Descend in about 3 or so metres along the wall due east of the south-eastern corner of the tidal pool and head east with the wall on your left. In about 5 metres depth, you will pass the Orange Nob, a conspicuous outcrop of soft coral atop an overhang. Past this the wall appears to peter out, stay at your depth of 6-7 metres and when you spot an small v-shaped section of bare sand amongst the bedrock (8 metres depth), take a left and you will notice the wall becomes quite pronounced.
The bedrock spreads out to the east over a number of ledges, great territory for spying octopus and the odd bull and eagle ray. Hanging close to the wall will reward you with an almost continuous overhang that’s the home to a number of giant cuttlefish and resident eastern blue devil fish (arguably the best spot in Sydney to spy these spectacular rarities).
After 60 or so metres, you will find yourself at a depth of 9 metres and encounter Split Rock, which is fairly self explanatory. Here you’ll want to head east for a couple of metres,take your pick of swimming over the split or through the seemingly impassable swim through. You will encounter sand.
The wall drops in height here and dog legs around to the northeast. Follow it until it begins to break up amidst the sand and sea tulips.

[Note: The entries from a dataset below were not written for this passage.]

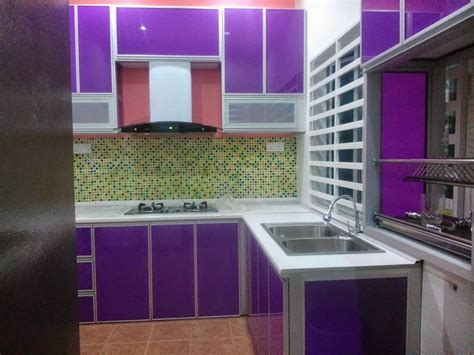Dapur ungu sederhana, dapur warna hijau, dapur minimalis, dapur warna biru, dapur warna pink, dapur cantik, harga kitchen set warna ungu, dapur merah, minimalist kitchen design with purple shades all about. Kabinet Dapur Warna Ungu | Desainrumahid.com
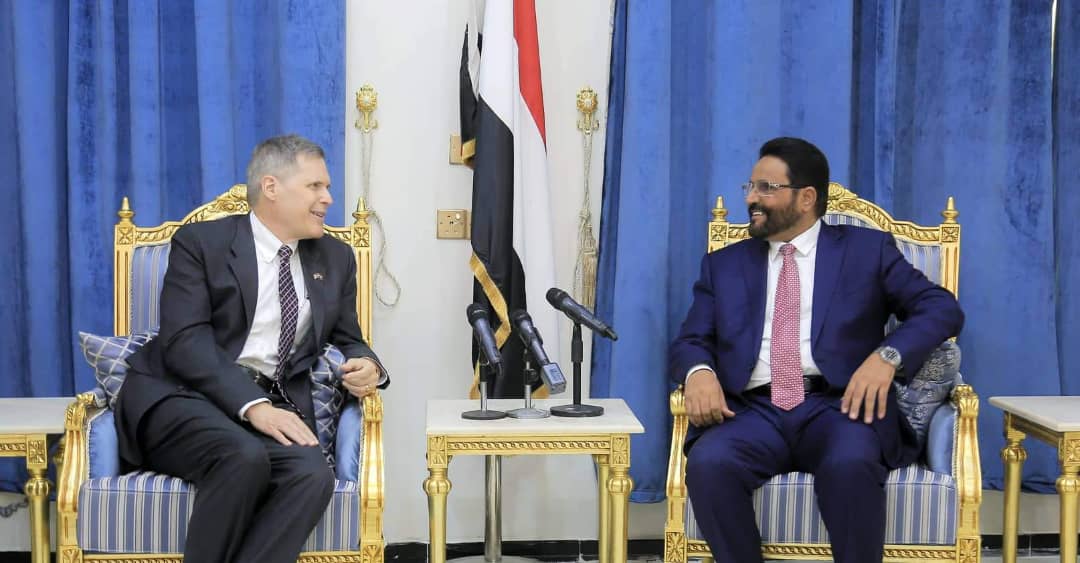  محافظ مأرب يؤكد للسفير الأمريكي الرغبة بالسلام رغم عدم الثقة بالتزام الحوثيين 
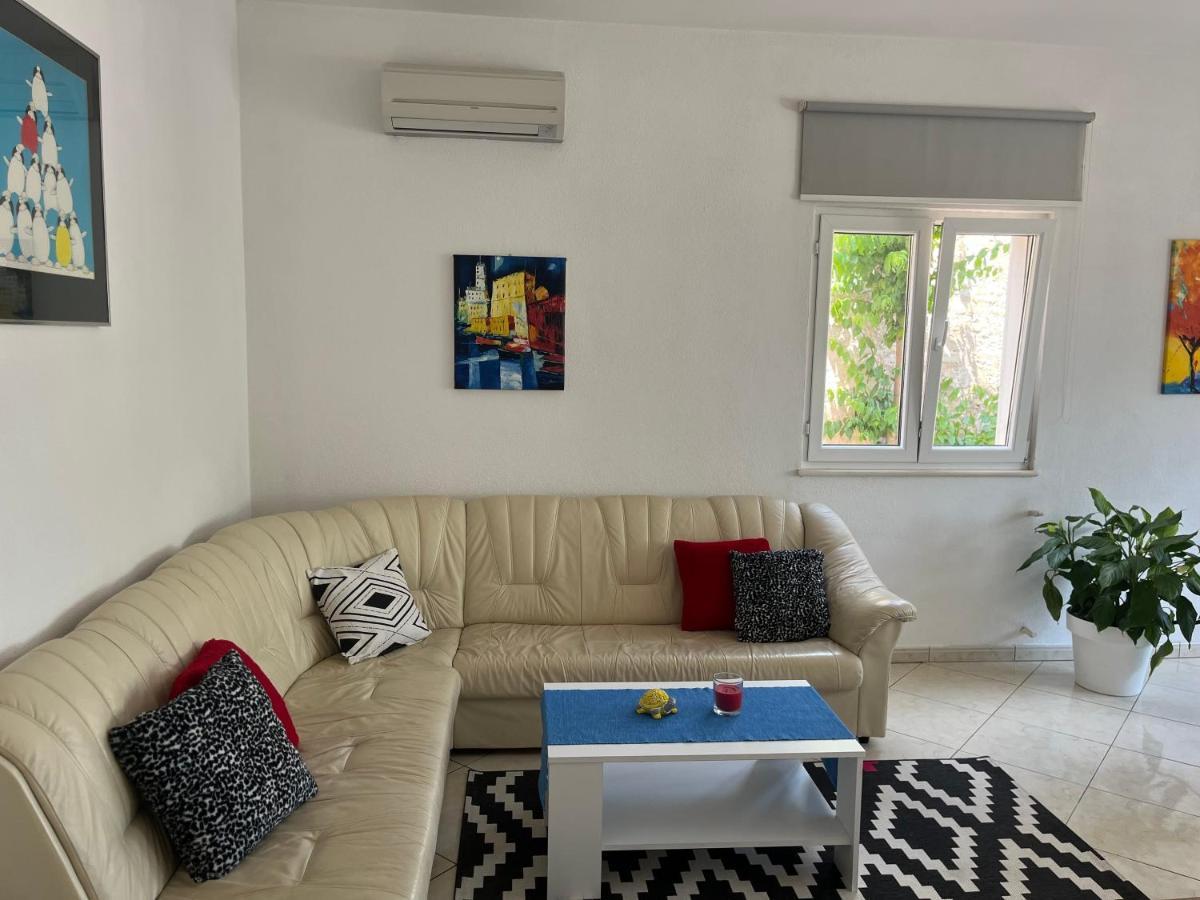 Old Town Center Apartments Supetar Ngoại thất bức ảnh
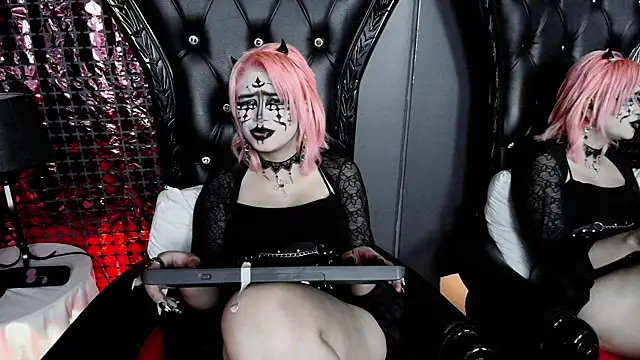 Snapshot of Navier__ chatting on 01-09-26, 08:32 Navier online show from 01-09-26, 08:32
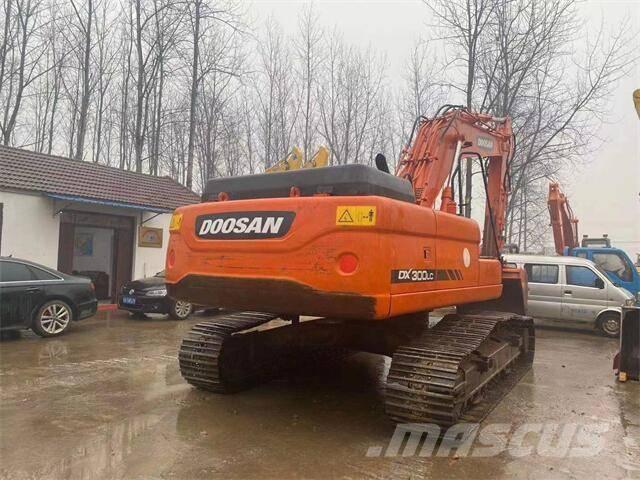 Doosan DX300 Lánctalpas kotrók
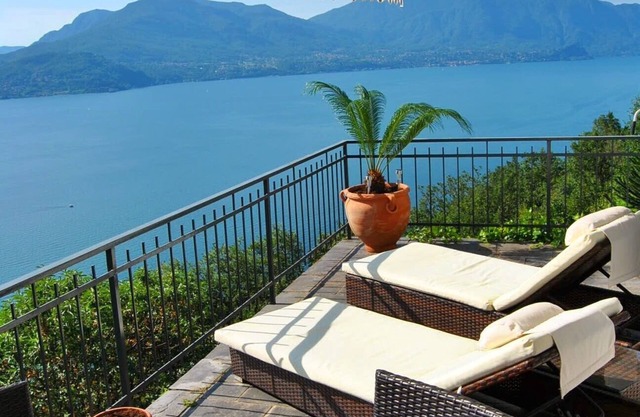 tasteful small house with beautiful view on the lake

At this point just to the right (east) you’ll see a second reef that runs in a similar direction to your current bearing. You can choose to explore the eastern or western side.
The eastern provides a mysterious ceramic urinal (11 metres depth) after 50 metres and only 15 metres later a small cave. This cave is about 3 metres in height, illuminated by a large fissure on the far side and has a small tunnel that runs off to the north. Do not penetrate this tunnel! A swim through it ain’t. Dense schools of roughies and bullseyes live in this cave and when in season, Port Jackson sharks can be found knee-deep.
From here (air time permitting, it is possible to continue on to Fish Soup, Continue along the wall and when you notice kelp begin along the wall’s ridge (after 100 metres) head due east. You’ll swim over a large gully,head right and you’ll be led straight to Fish Soup, full with aquatic life.
Entry and exit
Just to the right of the Pavilion is a set of steps, leading down to the beach and along the northern end of the tidal pool. At the north-western corner of the pool is a chain link fence, perfect to lean on when donning your fins. From here, edge sideways a couple of metres along the bedrock and at high tide, perform a belly flop entry. A controlled seated entry is more suitable at low tide. Once in, don’t dillydally in the entry zone, head straight out with the wall on your immediate left for about 15 metres and then swim across until you’re even with the southern end of the pool. If conditions are too severe to enter through the primary entry, an alternate can be used just to the south of the pool. Secure your fins at the water’s edge and wade (carefully) backwards into the water, or inflate your BC and lean back in waist deep water. Swim directly out to sea for about 50 metres before heading north to the wall – the bedrock is extremely shallow and can render you helpless when combined with swell. When exiting at the primary entry/exit, time yourself to go in a lull between sets.